I always receive hostile reactions from vendors when I photograph their displays, and I never really understood why. It would make sense if it were an artist selling some of their original creations — they’d be justified in worrying that I might steal their ideas and replicate them on my own — but where the vendors are selling things like silk scarves or figurines or tchotchkes, I just don’t get it. Are they afraid I’ll mimic their displays? That I’m competition trying to scope them out and see what I’m up against? That I’ll sell their trade secrets? Or is it just that they don’t understand what I’m doing and their instinct is to defend their livelihood?

One thing I have found, however, is that more often than not when they come at you they come at you expecting a fight. And when you respond cheerfully and in a friendly, open manner it completely throws them off balance.

I took this photo while walking around TriBeCa on Friday. It was a stall selling silk ties and pashminas, and I loved the way the patterns and colors looked almost like a painter’s palette. I leaned over, fired a couple of shots of the display, and continued along my way. Not two steps later, the vendor walked right up to me and angrily asked

“Why are you taking pictures?”

“Because they’re pretty!” I smiled.

From his sudden silence I could tell this was not the response he was expecting. A fight, maybe. Or a stuttered apology as I shrank away. But not a cheery rejoinder. I followed up quickly by turning the camera around and showing him the LCD.

“See what a pretty pattern they make? Don’t worry,” I laughed, “I’m not going to steal your ideas or sell them to anyone.
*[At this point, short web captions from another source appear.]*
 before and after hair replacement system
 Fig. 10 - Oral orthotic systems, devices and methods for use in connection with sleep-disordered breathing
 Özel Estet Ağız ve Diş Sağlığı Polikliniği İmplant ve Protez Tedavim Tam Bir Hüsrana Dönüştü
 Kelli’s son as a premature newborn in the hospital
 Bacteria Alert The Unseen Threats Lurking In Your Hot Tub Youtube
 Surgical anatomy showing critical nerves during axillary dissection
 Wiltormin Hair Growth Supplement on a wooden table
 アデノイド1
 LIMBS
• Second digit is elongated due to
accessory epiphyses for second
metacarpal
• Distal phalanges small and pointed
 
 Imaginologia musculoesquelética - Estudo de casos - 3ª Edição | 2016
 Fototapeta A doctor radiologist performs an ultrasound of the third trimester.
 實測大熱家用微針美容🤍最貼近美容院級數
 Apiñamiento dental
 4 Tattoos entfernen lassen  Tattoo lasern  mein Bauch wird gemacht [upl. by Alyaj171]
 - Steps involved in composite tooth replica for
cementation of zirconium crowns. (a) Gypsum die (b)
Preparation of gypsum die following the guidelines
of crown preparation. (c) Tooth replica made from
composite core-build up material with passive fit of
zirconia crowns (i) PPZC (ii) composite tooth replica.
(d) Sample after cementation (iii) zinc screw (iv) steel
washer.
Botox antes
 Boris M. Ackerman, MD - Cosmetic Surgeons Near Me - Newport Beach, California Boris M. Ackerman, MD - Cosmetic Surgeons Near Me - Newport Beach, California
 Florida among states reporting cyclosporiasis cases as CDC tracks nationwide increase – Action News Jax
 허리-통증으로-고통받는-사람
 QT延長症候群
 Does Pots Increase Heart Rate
I just thought it made a pretty picture.”

If my first response was the sucker punch, this was the haymaker. He looked at me quizzically, eyes slitted, unsure of what to say. After a beat he shrugged almost imperceptibly and went back to his seat. He either saw me as someone who wasn’t a threat, or just someone too dumb to bother arguing with. In either case, I wasn’t worth his time.

I returned my camera to my side and continued along my merry way, making sure to stop not ten feet later and take a picture of something else, just to show that it wasn’t just his wares I was interested in. Just in case he was watching.